Scaling Relations of the Dusty Torus with Luminosity and the Broad-Line Region
Ashraf Ayubinia, Jong-Hak Woo, Shu Wang, Amit Kumar Mandal, Donghoon Son
TL;DR
This work jointly analyzes dust-reverberation lags from WISE W1/W2 and Hβ BLR lags to map the dusty torus size as a function of AGN luminosity in 182 low-redshift AGNs.
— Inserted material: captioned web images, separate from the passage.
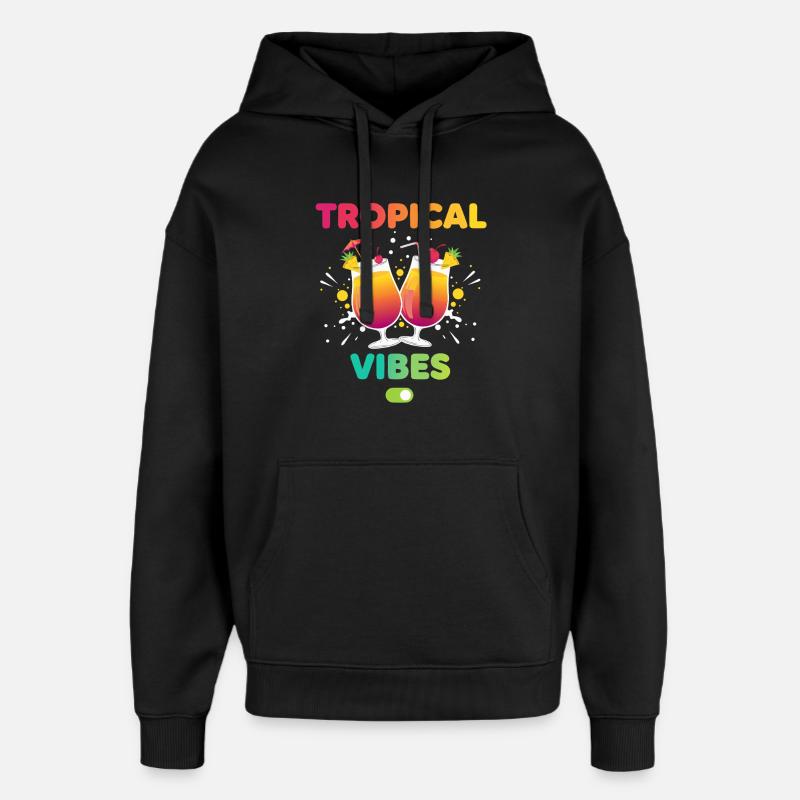 Mode vacances Tropical Vibes - Sweat à capuche unisexe Stanley/Stella Oversized - noir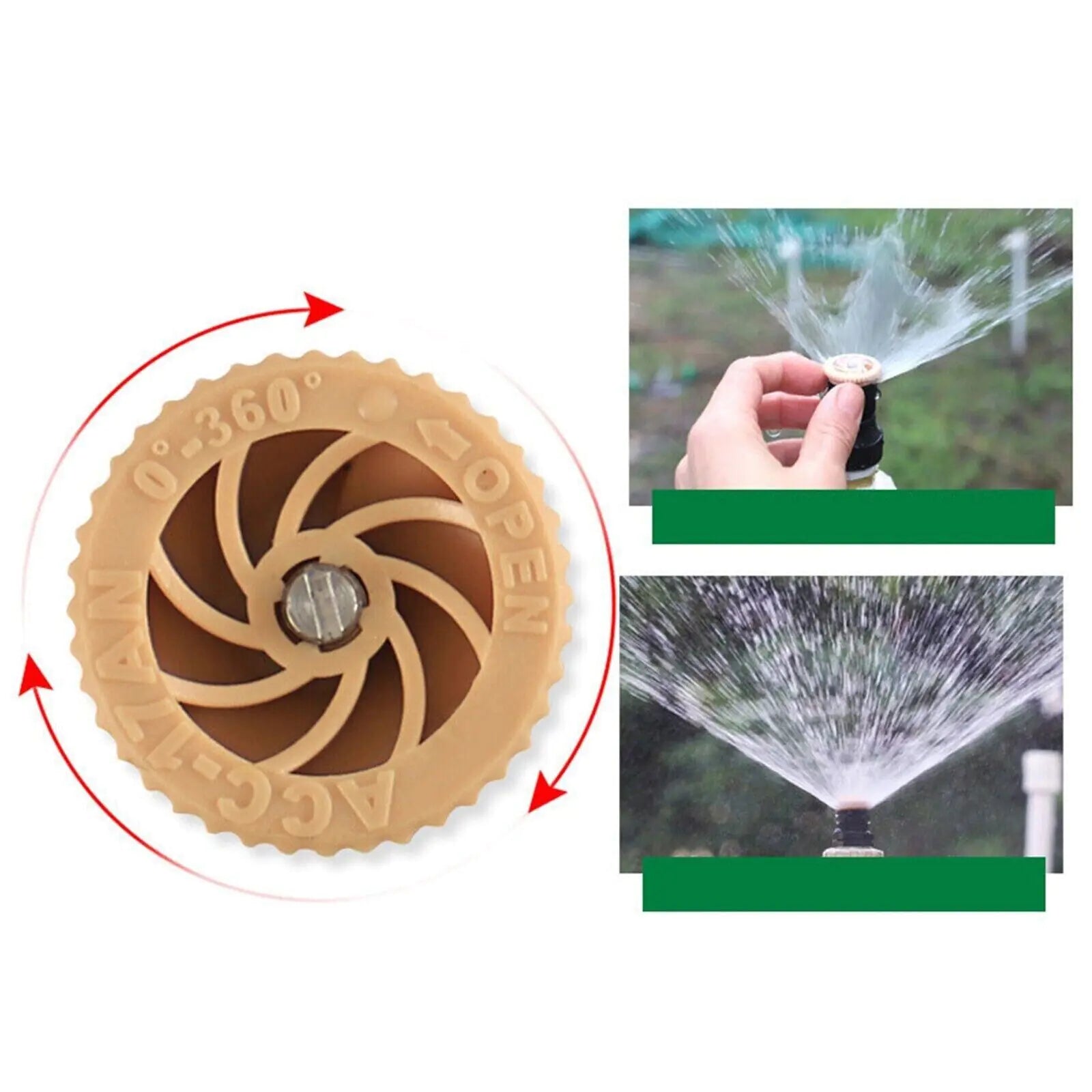 360 Rotation Garden Sprinkler Auto Irrigation Lawn Water Saver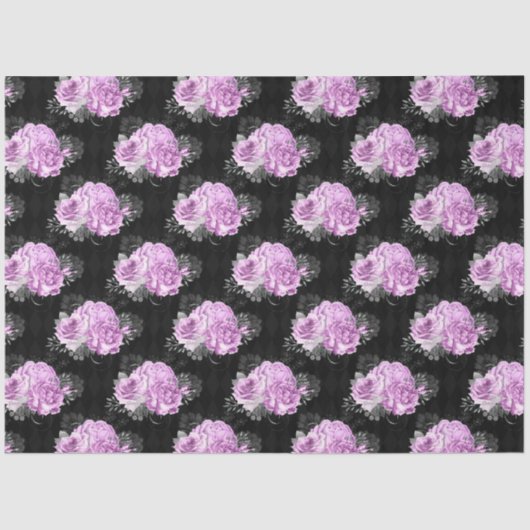 紫と銀のフローラシリーズデザイン10 薄葉紙 (正面)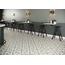 Harmony Cuban 22,3x22,3 см, glazed porcelain stoneware, Spain, hydraulic - interior photo 2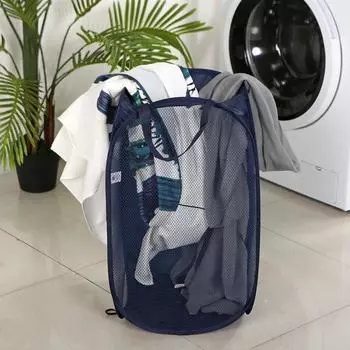 Foldable Storage Bag Laundry Basket Laundry Organizer Dirty Clothes Basket Clothes Storage Basket Black-Square Mouth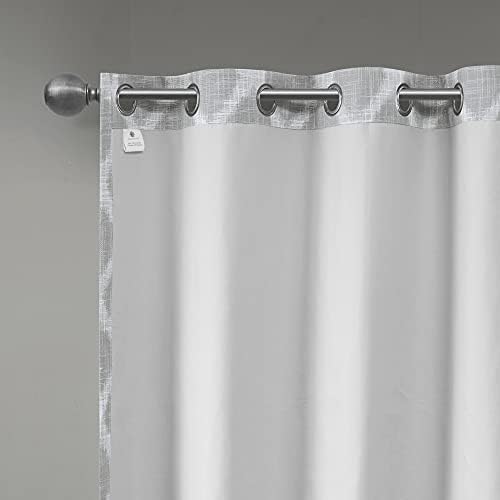 Sun Smart Blackout Window Curtains, Thermal Insulated 1 Panel 100x84 Grey - color: Grey, size: 100"W x 84"L (Pack of 1)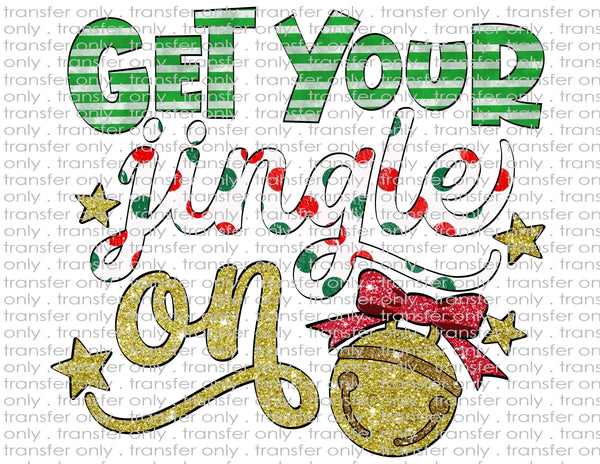 Christmas - Waterslide, Sublimation Transfers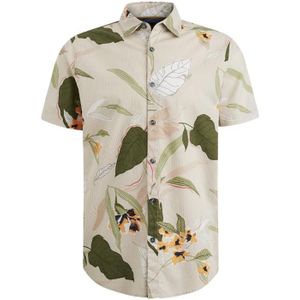 Pme short sleeve shirt print on c overhemd wit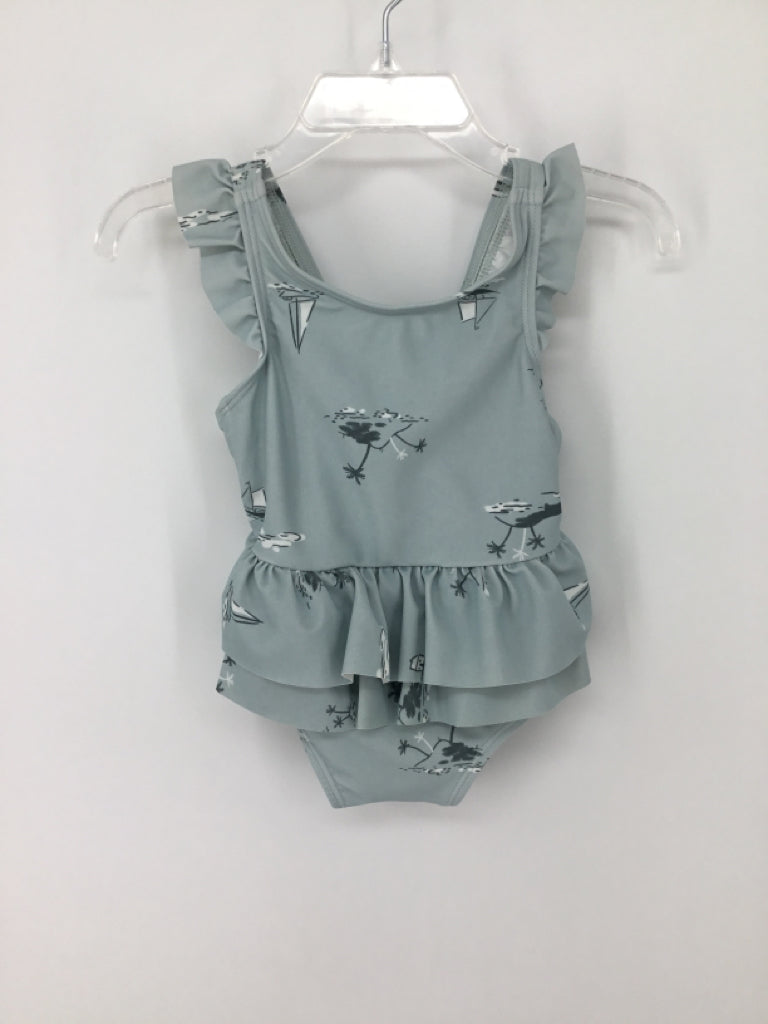 Carter's Child Size 9 Months Blue Swimwear - girls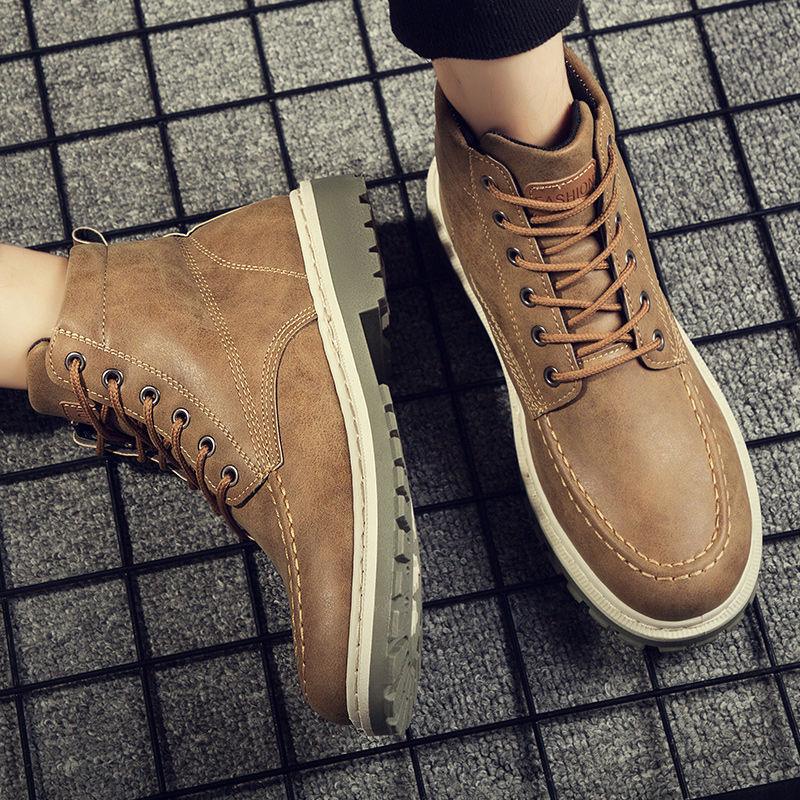 Mittlere Lederstiefel Kurze Vielseitige Militärstiefel | tif-shop24.de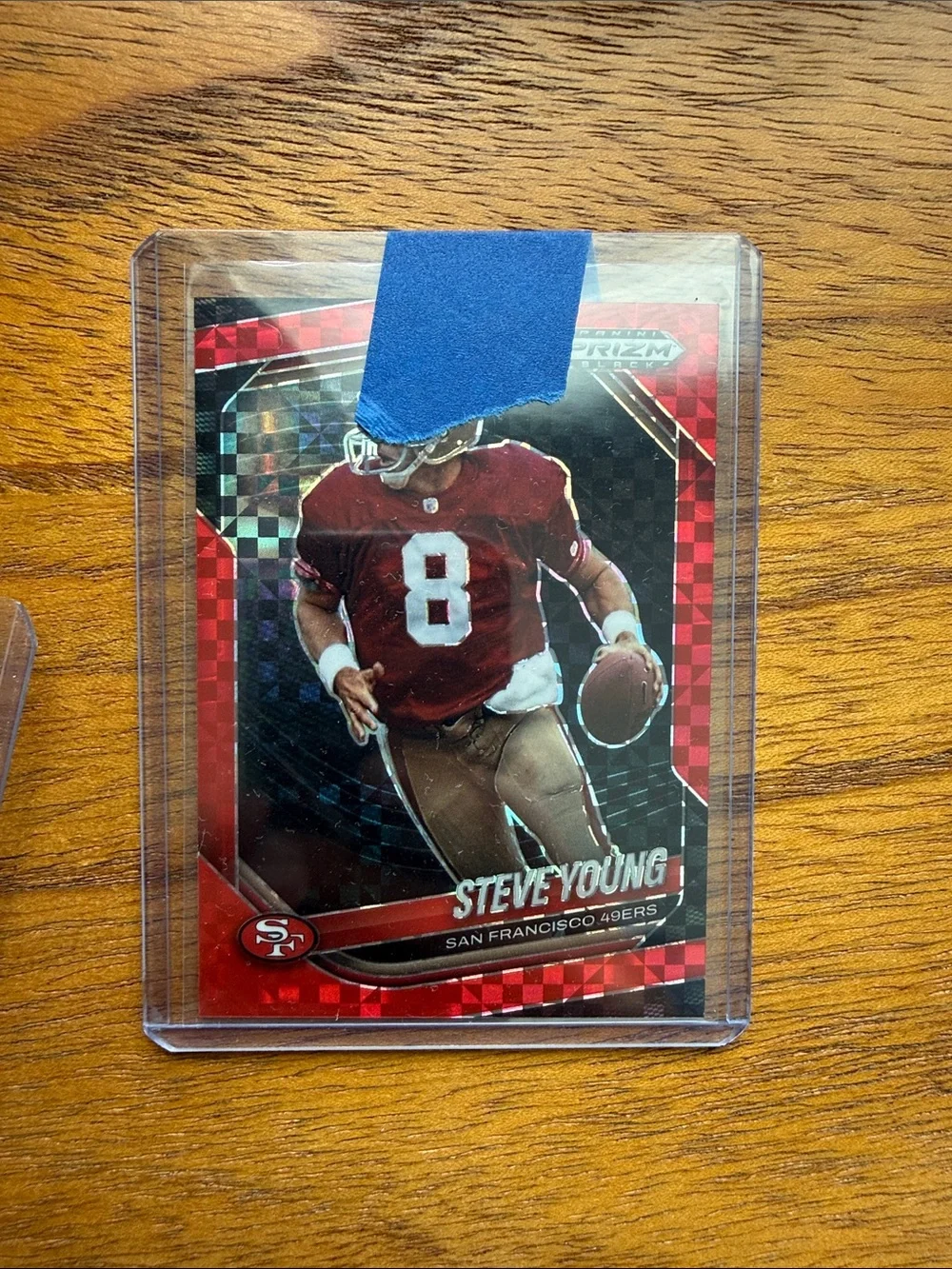 Red Steve Young San Francisco 49ers Football Trading Card red /75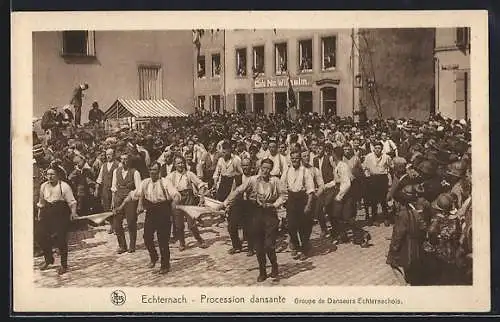 AK Echternach, Procession dansante, Groupe de Danseurs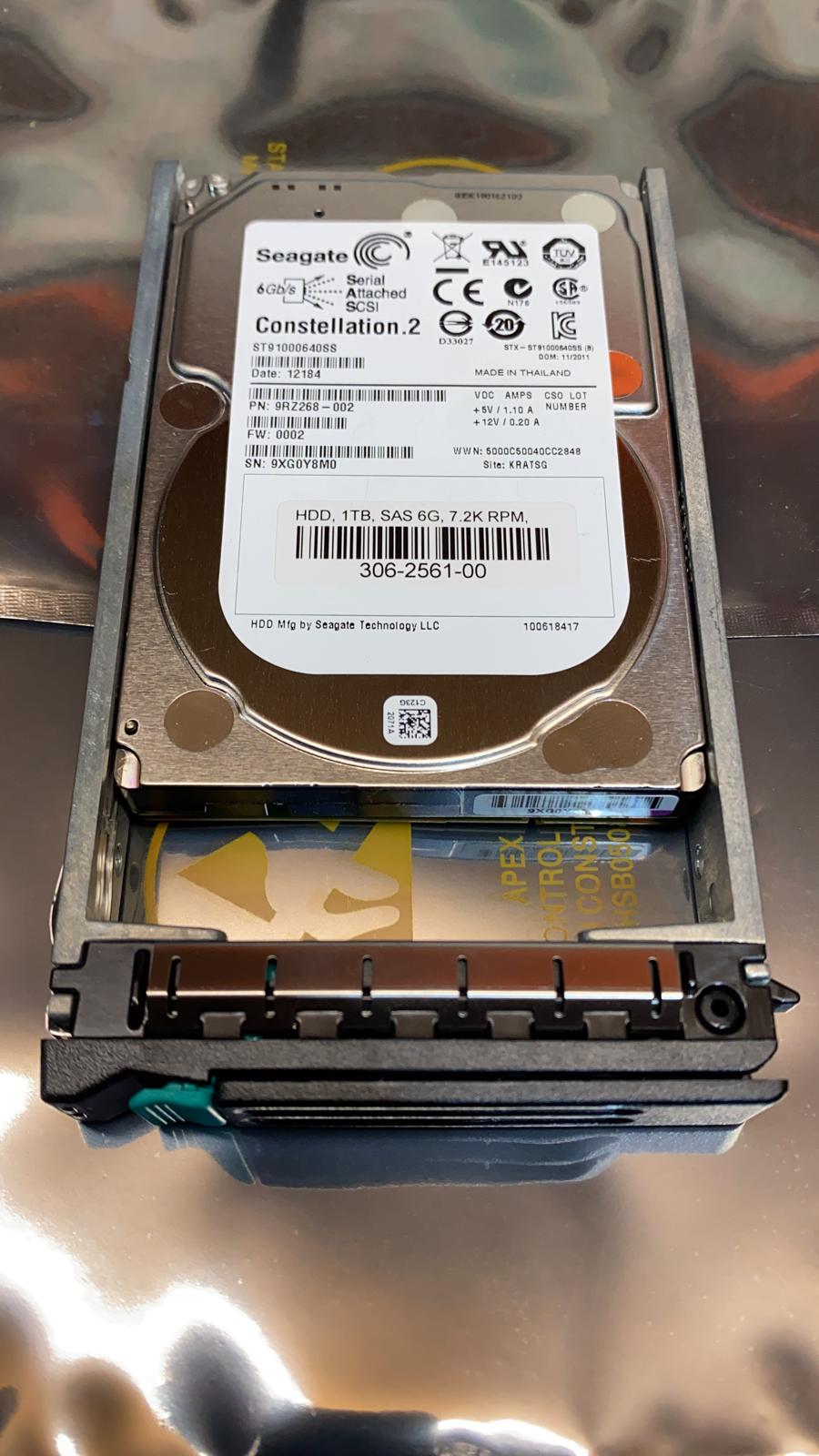 Symantec 1TB 7.2K 2.5" SAS ST91000640SS 306-2561-00 symantec tray 2nd :ST91000640SS: Alt () other /306-2561-00/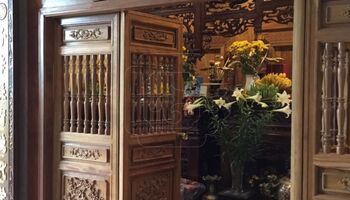 PHÒNG THỜ ĐẸP MỘC CỔ TRUYỀN TRONG NHÀ PHỐ | GỖ LIM LÀO |  GIẢNG VÕ, HN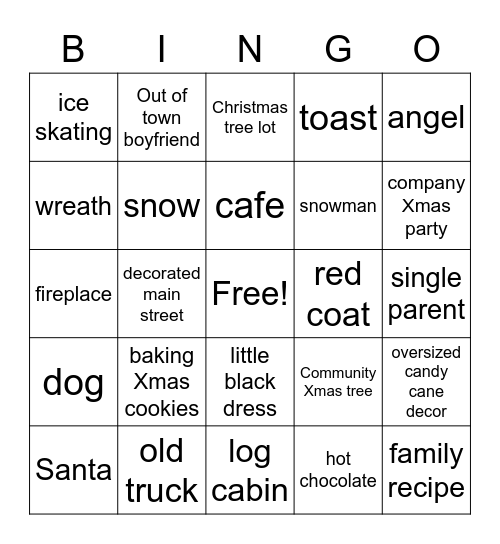 Merry Christmas! Bingo Card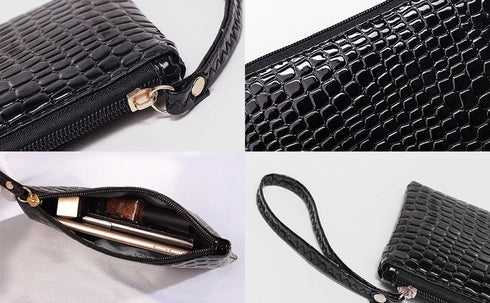 Women Purse Wristlet Wallet Evening Bag,Small Purse Vegan Leather Handbag for Cocktail Prom Party...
Employing accretion-disk contamination corrections and rigorous lag measurements via ICCF and MICA, the study finds torus sizes scale sub-linearly with optical and MIR luminosities (R_tor ∝ L^{~0.34}), with intrinsic scatters ~0.15–0.16 dex, and a torus radius typically 10–14 times larger than the BLR. The BLR–torus size relation is near-linear, with R_BLR ≈ R_tor^{1.1–1.28}, consistent with interferometric constraints, and the torus size–luminosity trend shows hints of dependence on Eddington ratio, possibly due to anisotropic disk emission and self-shadowing in slim disks. These results imply that MIR dust lags can serve as independent tracers for AGN structure and SMBH mass estimation, and they motivate further high-cadence MIR monitoring to refine the torus scaling, particularly at lower luminosities.
Abstract
We measure and compare the size of the dusty torus with active galactic nucleus (AGN) luminosity and the size of the broad-line region (BLR), using a sample of 182 AGNs with the best H$β$ lag measurements. After correcting for accretion-disk contamination, torus sizes are determined from the time lags of the Wide-field Infrared Survey Explorer W1 and W2 band light curves relative to the optical band variability based on the interpolated cross-correlation function (ICCF) analysis and the Multiple and Inhomogeneous Component Analysis. We find that the torus size from the W1-band (W2-band) tightly correlates with the 5100~Å continuum luminosity with an intrinsic scatter of 0.15-0.16 dex and the best-fit slope of $0.35 \pm 0.03$ ($0.33 \pm 0.03$), which is clearly shallower than the expected 0.5 slope from the sublimation radius-luminosity relation. We find a moderate negative trend that higher Eddington AGNs tend to have smaller torus sizes than expected from the best-fit, suggesting the Eddington ratio plays a role in flattening the torus size-luminosity relation. By comparing the torus size with the H$β$ reverberation time lag for a subsample of 67 AGNs, we find that the torus size is a factor of $\sim 10$ and $\sim 14$ larger than the BLR size, respectively for W1 and W2 bands. The torus size based on the W1 (W2) band correlates with the BLR size with the best-fit slope of $1.28 \pm 0.16$ ($1.10 \pm 0.15$), which is comparable but slightly steeper than a linear correlation.